Tucker has it right. Enveloping is the darkness of our time. Even the hopeful light from our Church hierarchy grows dimmer. I believe only the Great Chastisement will have the necessary cleansing power.

Art Deco
Art Deco
Wednesday, June 10, AD 2020 6:32am
Bob Kurland, Ph.D.
Admin
Wednesday, June 10, AD 2020 9:53am

This is either the beginning of the end, or a new beginning (counter-revolution). Witness: Jewish shops in LA (Fairfax, Beverly Hills destroyed); Seattle city center taken over by ANTIFA. I’m just glad we live 75 miles from anywhere.
Is secession by area possible? Flyover country from the urban centers?

Ernst Schreiber
Ernst Schreiber
Wednesday, June 10, AD 2020 10:40am

I think there’s an argument to be made for turning cities with a population of a million-plus into states. The argument against it is you’d be handing the Democrats a near permanent advantage in the Senate.
The other option is you’ve got to get back basic principles of federalism. State Senates ought to be representing entities like counties, not people.

Bob Kurland, Ph.D.
Admin
Wednesday, June 10, AD 2020 11:47am

Ernst, that’s a great idea, turning metropolitan areas into states.

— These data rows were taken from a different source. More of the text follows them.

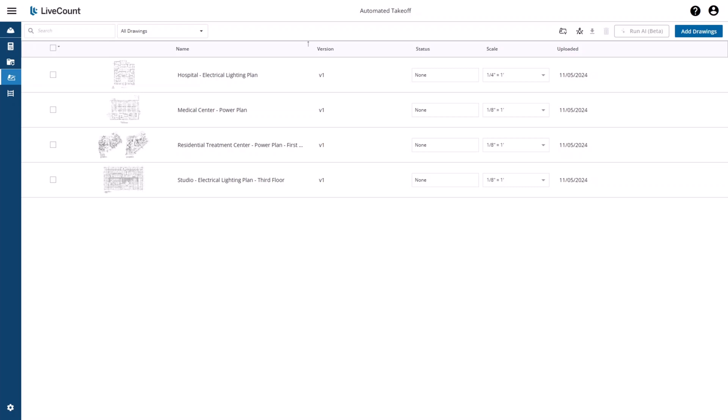This video will demonstrate how to perform an automated takeoff within LiveCount. Automated takeoff leverages an AI process which allows you to quickly search your drawing and annotate it.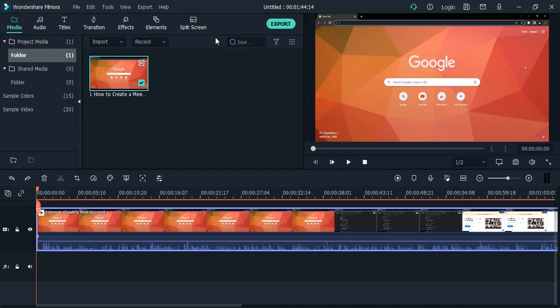Using a simple trick in Filmora, we can remove those kinds of background noises. Before we get into that, I'm going to play this video for you.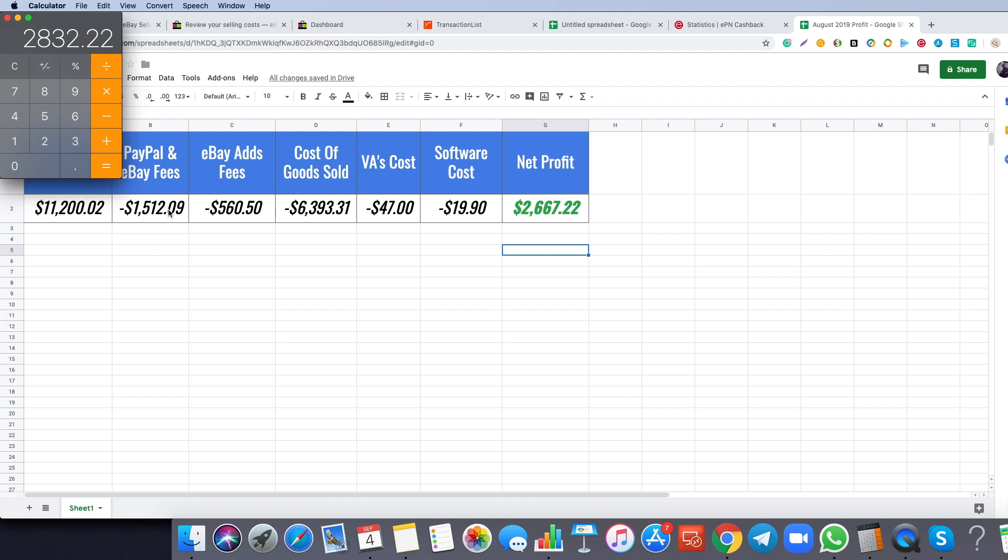That is almost $3,000 from only one account. I run multiple accounts and this is the results that you need to expect. I'm super happy and I'm really glad that I was able to share with you those results. I'm really proud of myself and my virtual assistants. So yeah, this is my results for August 2019, the AliExpress dropshipping store. I really hope that you find this inspiring.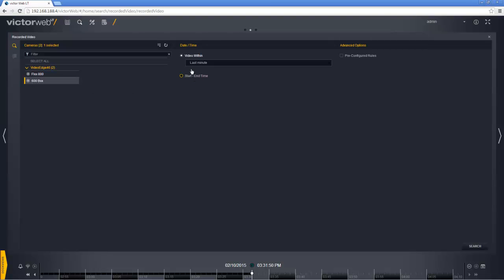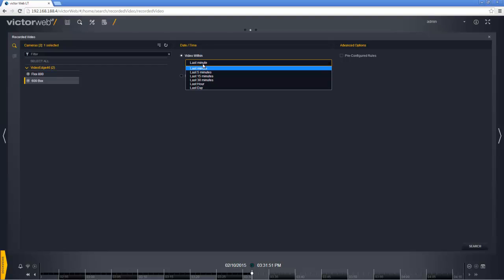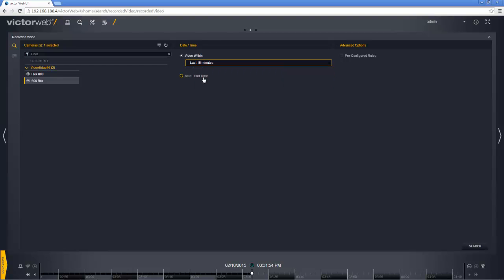The next thing I need to do is specify a set period of time that I want to search on, or I can choose the second option underneath here to set a start date and end time. Now we are ready to select search and just run the search.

And I don’t think it would hand the Senate over to the dems. PA would go to Philadelphia and the rest (including Pgh–I don’t think Pgh is over a million); flyover country would be Republican and have a voice that is lost now because Philly drives the politics. Illinois would be Cook County and the rest; seats now dem would be dem and republican. If a 200000 dead voters were counted in Philly and Chicago it wouldn’t matter any more, cause they’d already be counted for the left.

Grace
Grace
Wednesday, June 10, AD 2020 2:26pm

Spoke with a Seattle/Bellevue rioter and his 5 friends who are a) gay b) Bernie Sanders supporters c) affluent white – college educated and who listen to CNN and MSNBC and can quote these media outlets verbatim.
Here is what they say: 1) Sanders supporters have not been heard in the past two elections, so using the system to elect their candidate has failed. They feel they have not choice but to riot and destroy the system. They feel they didn’t get a chance to have a fair election twice now. b) Gay activists have no children, no heirs, in a society that doesn’t accept them and never will. The solution is destroy the society. c) they know they are risking getting the virus and spreading it to innocent people, but they don’t care since many of them will likely die of HIV and AIDS. They spout the medical community that has exempted protesters from the virus because it is a more worthy cause.

It struck me as a group that has experienced despair (who knows what the isolation due to the pandemic has wrought), and has no reason to maintain a society they view doesn’t listen to or care about them so they have chosen to actively destroy the society instead. Just passing this on.

Ernst Schreiber
Ernst Schreiber
Wednesday, June 10, AD 2020 2:55pm

Here’s the problem Bob: 3 of the 10 largest cities are in California: Los Angeles, San Diego and San Jose. That’s 6 seats to the Dems, and I’d I’m not sure there’s enough Republicans in the central valley to keep California’s two seats from remaining Democratic. Chicago, Philadelphia and New York City cancel out the Republican pick ups in Illinois, Pennsylvania and New York State. I don’t know how Phoenix goes. Maybe the GOP and Dems split it? And the remaining three are in Texas, Dallas, San Antonio and Houston: How would they vote?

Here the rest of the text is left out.